At least I would be the highest-ranking officer in the Scutum-Crux Arm once the natural-born officers went home. Until Admiral Thorne and his crew left, I would remain a captain. If and when Washington sent natural-born officers to inspect the fleet, my rank would automatically revert to captain.
Thomer finished reading the orders over and handed them to me. “I can’t be commandant of the Marines,” he said in that quiet voice. “I think that I might be a clone.”
“Something’s wrong with my hearing. I could have sworn he just said he thinks he’s a clone,” Herrington gasped. “Aren’t you supposed to have one of those death reflexes now? Aren’t you going to keel over?”
“Thomer, we have to get you off that Fallzoud shit,” Herrington added, staring at Thomer as if he had horns sprouting from his ass.
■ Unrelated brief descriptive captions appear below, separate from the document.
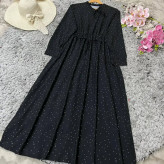 پیراهن ساحلی مارتا جنس بوگاتی درجه یک مشکی رنگ فری سایز آستین دار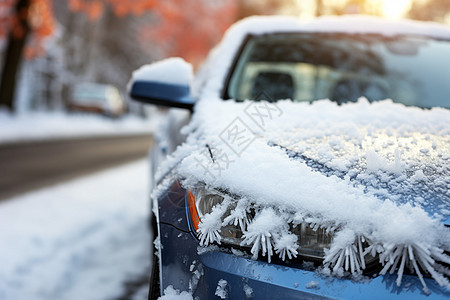 冬季汽车上的积雪图片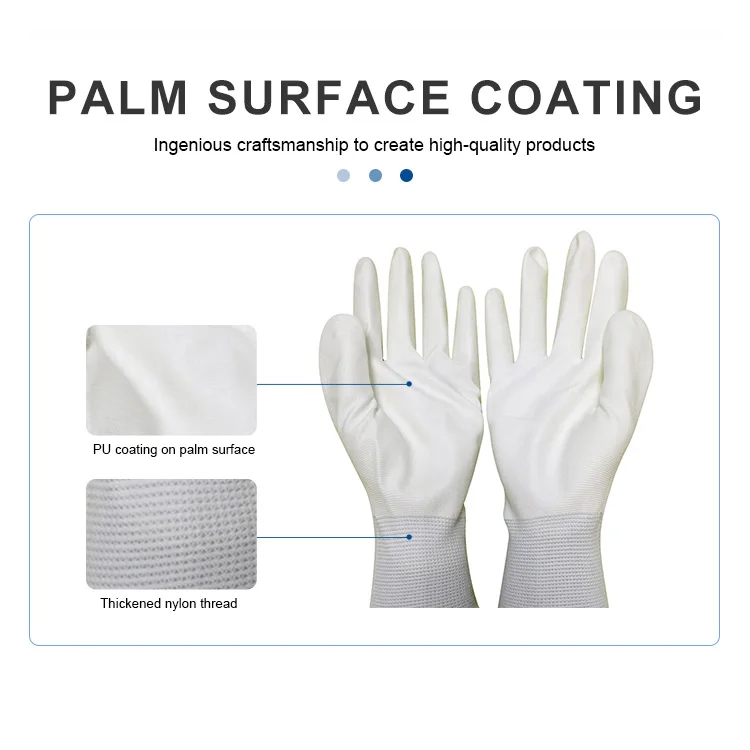 Black Nylon PU Lightweight Gloves ESD Anti Static Black PU Coated Safety PU Work Gloves with 13 gauge polyester knitted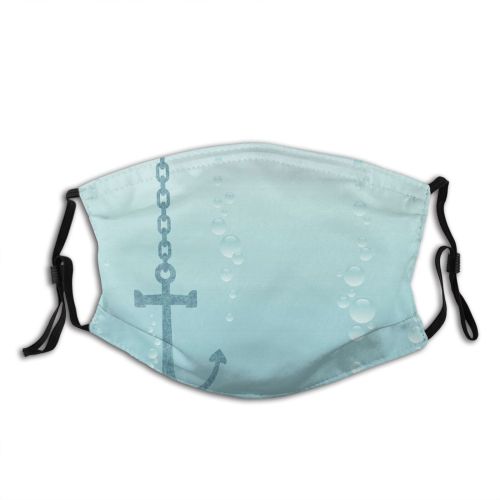 yanfind Chain Freshness Deep Nautical Destinations Travel Undersea Old Liquid Sea Turquoise Vessel Dust Washable Reusable Filter and Reusable Mouth Warm Windproof Cotton Face
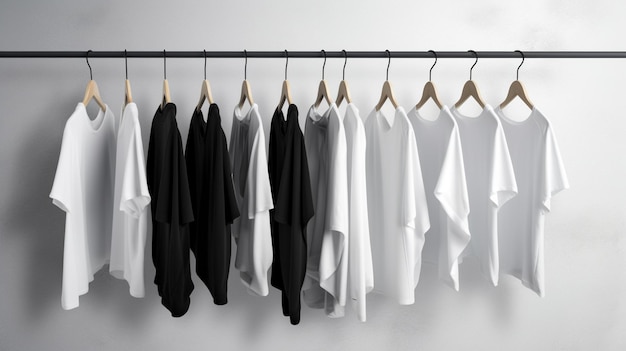 A grove of white shirts hanging on a rail in a room generative ai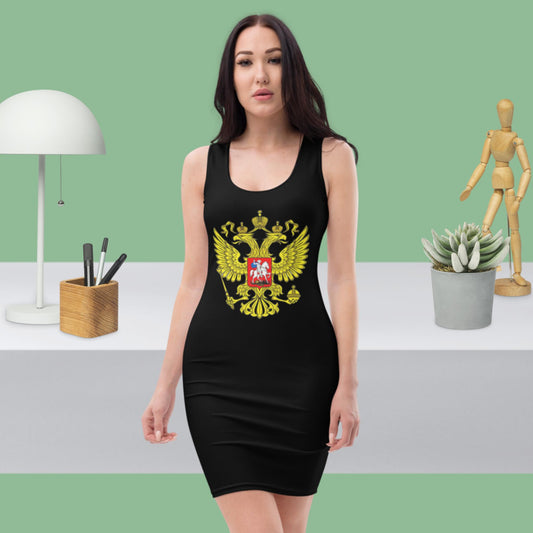 Tank-Top-Kleid mit Russland-Wappen in schwarz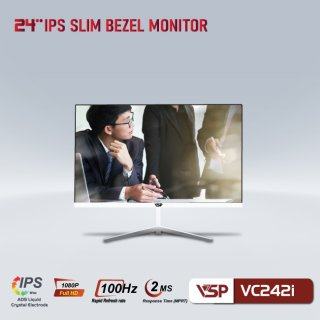 Màn hình PC Phẳng VSP VC242I Tràn Viền (24INCH, IPS, FHD, 100HZ) White/Trắng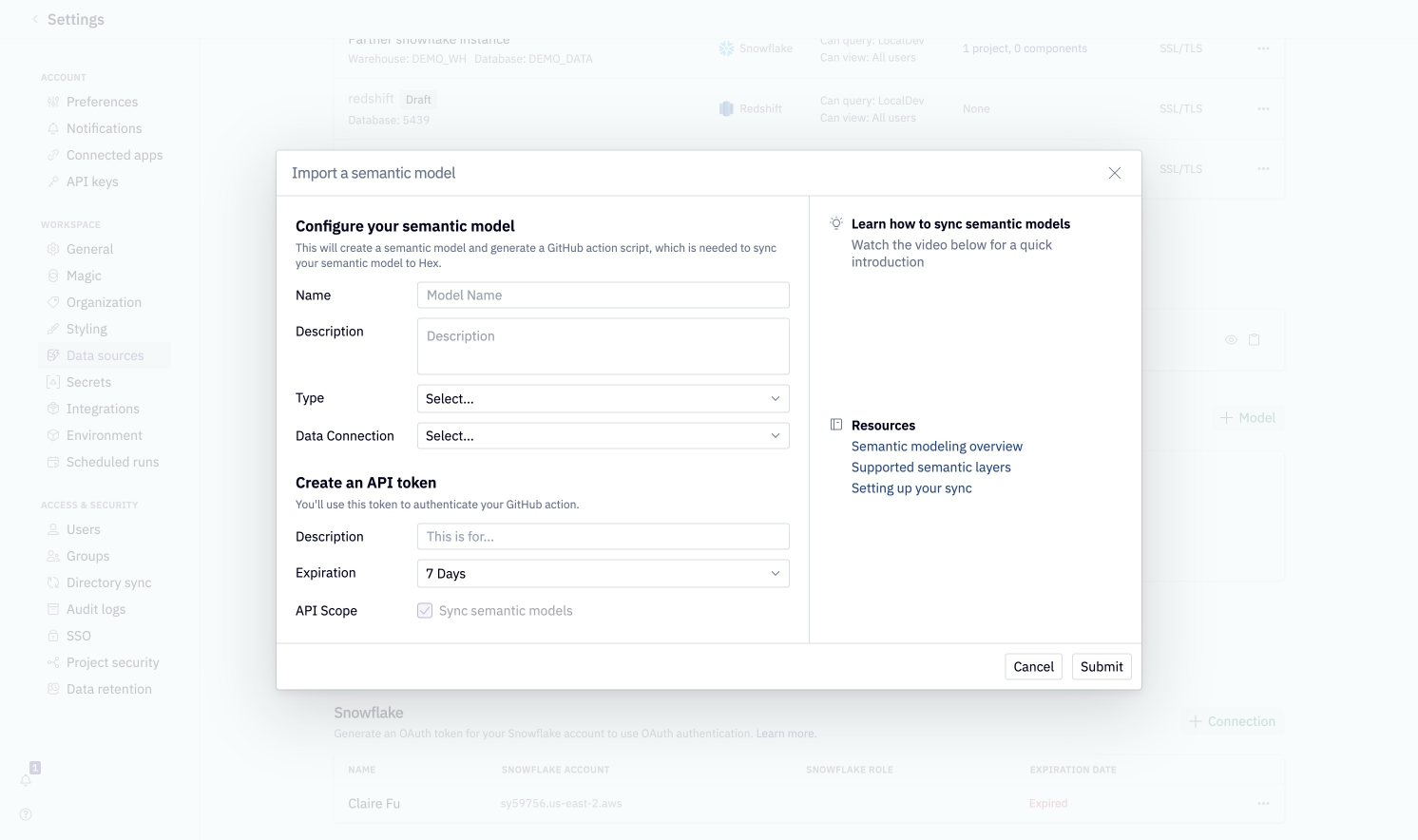 Configure a semantic model in Hex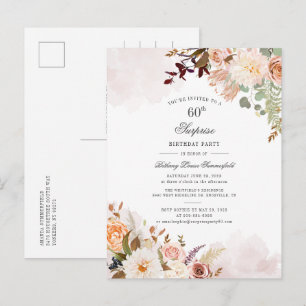 Botanisk pastellBlommigt 60:e Födelsedagsfesten Inbjudan Vykort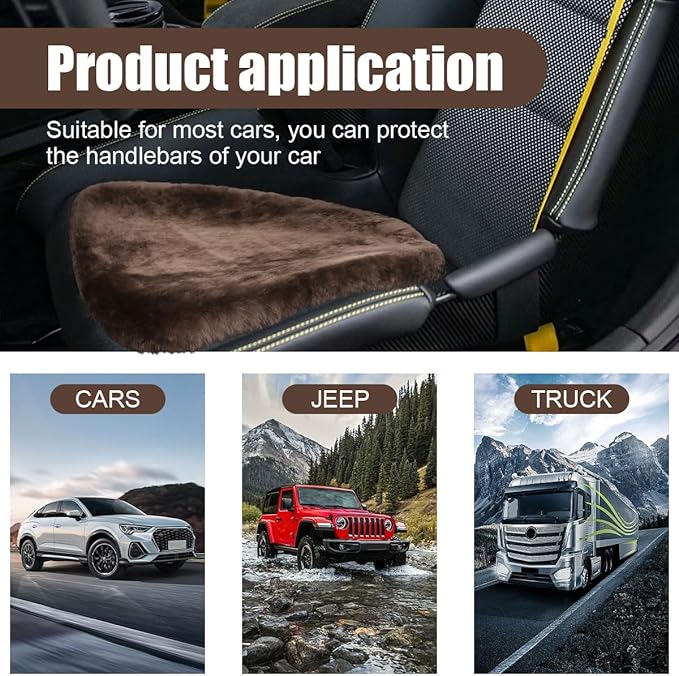Sheepskin Car Seat Cushion, Soft Comfort Winter Driver Seat Cover, Fluffy Faux Fur Front Seat Pad, Car Seat Protector Pad for Office Chair, Universal Interior Accessory for Car SUV Truck (Coffee)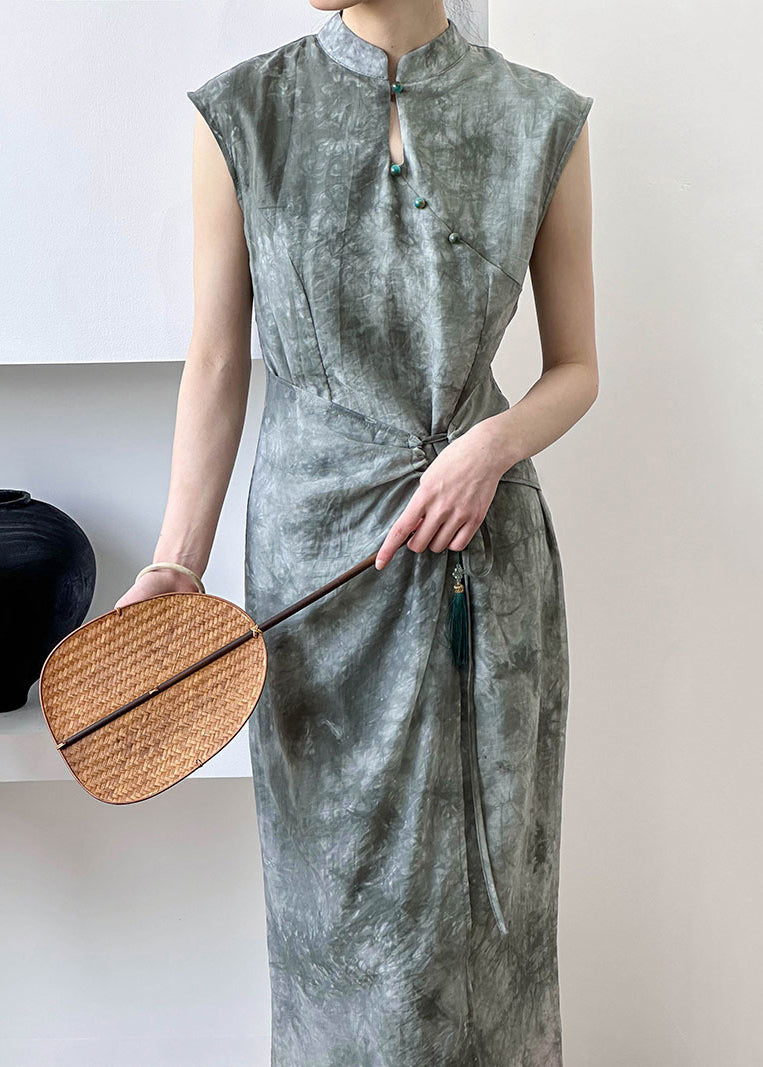 New Grey Button Lace Up Silk Cotton Long Dress Summer Af1012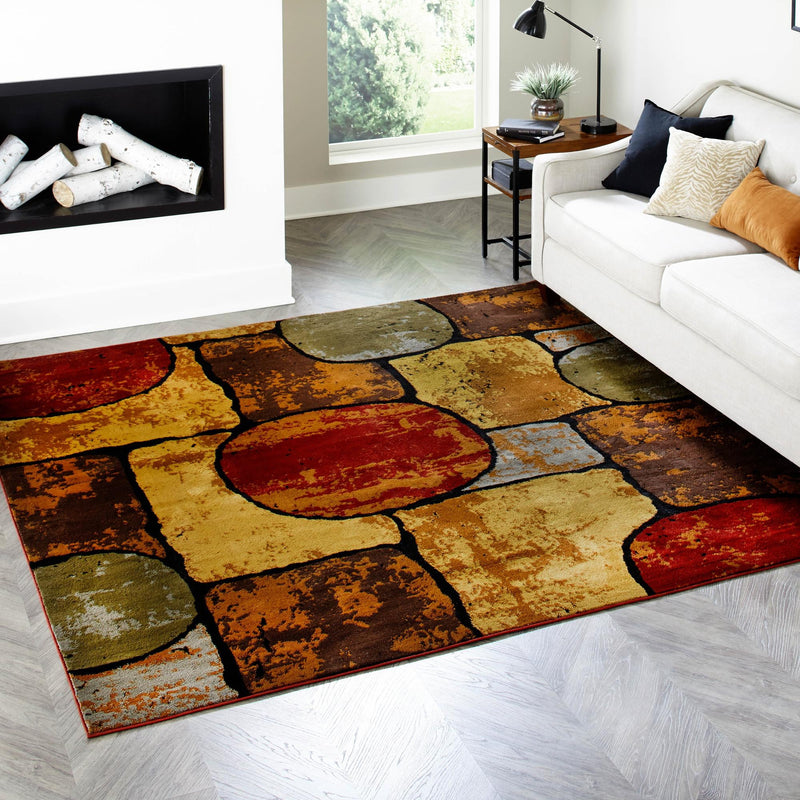 Bistro Lounge Collection Area Rug - Cappuccino Square Multi lifestyle 84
“You might want to hold off on that, Sergeant,” I said. “Fallzoud may be the only thing keeping this Marine alive.”
Just then a chime rang, warning us that the other members of our conclave were outside the door. “Keep a lid on the promotions for now,” I said as I placed the orders back in the folder and went to let them in. Herrington nodded, but his eyes remained on Thomer, who sat as placid as ever.
I took one last look at Thomer to make sure he was ready for the meeting. He sat bolt upright, his hands lying flat on the table before him. I might have mistaken him for a mannequin except that he was breathing. Hoping for the best, I pressed a button, and the conference room door slid open.